Austrian courts have interpreted the meaning of transfer of undertakings in accordance with the European Court of Justice and use the following indicators:
- the transfer covers an economic entity;
- the undertaking retains its identity as an economic entity following the transaction;
- tangible and/or intangible assets are transferred;
- customers are transferred;
- a significant number of employees (in number or expertise) are taken over.
According to AVRAG §3, the new employer must take over all rights and obligations contained in each individual employment contract (including temporary and fixed-term contracts), if not indicated otherwise due to changes in the affiliation of the collective agreement (AVRAG § 4), the occupational pension schemes (AVRAG § 5) or work agreements (ArbVG, §§ 32, 33). Any changes to an employment contract can only be enacted by mutual agreement. However, this rule is not applicable in the case of compensation, which cannot be decreased under the new contract. Any liabilities resulting from the contract are also transferred. Obligations which arise during the period prior to transfer, the transferor and the transferee are jointly responsible for. If the transferee is subject to a collective agreement, this agreement tends to take precedence over agreements to which the transferor is subject, however, if the transferee is not subject to any collective agreement, the former agreement remains applicable. If the affiliation of collective agreements is changing, the favourability principle (‘Günstigkeitsprinzip’) does not apply except for wages for normal working hours. If the collective or work agreement after the transfer deteriorates working conditions substantially, employees are entitled to terminate the contract within one month without losing entitlements to benefits.
If dismissals occur within 6 to 9 months of the transfer, and the employee has some evidence that the dismissal was carried out in relation to the transfer, they can bring an action for declaratory judgement that the dismissal was based on the transfer and is therefore void.
All employees are covered by the act, including apprentices and executive staff members. All government employees are excluded.

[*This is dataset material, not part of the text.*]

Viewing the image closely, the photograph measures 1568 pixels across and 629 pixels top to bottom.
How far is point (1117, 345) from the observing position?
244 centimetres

Employees can object against the transfer in two cases (AVRAG §3 (4)). First, if the new owner refuses to agree to special protection against dismissal as detailed in a collective agreement that applied at the time of the transfer. Second, if the new owner refuses to take over the occupational pension fund. The employee must raise an objection within one month of such a refusal. In this case, the contract with the transferor remains intact.
The employer may refuse to take over a company pension commitment in some cases, for instance if the deal was an assets deal and not a case of universal succession. The employee is then entitled to object, and their employment contract is, in effect, not transferred.
According to AVRAG §3 (2), regulations for changes of ownership do not apply in cases of reorganisation procedures without self-administration ('Sanierungsverfahren ohne Eigenverwaltung') as well as bankruptcy proceedings.
Areas of legal uncertainty regarding transfers of undertakings in Austria include:
- whether certain circumstances and procedures are deemed to be transfers of undertakings which are subject to the Employment Law Harmonisation Act,
- what kinds of agreements are considered void because they bypass mandatory protection provisions.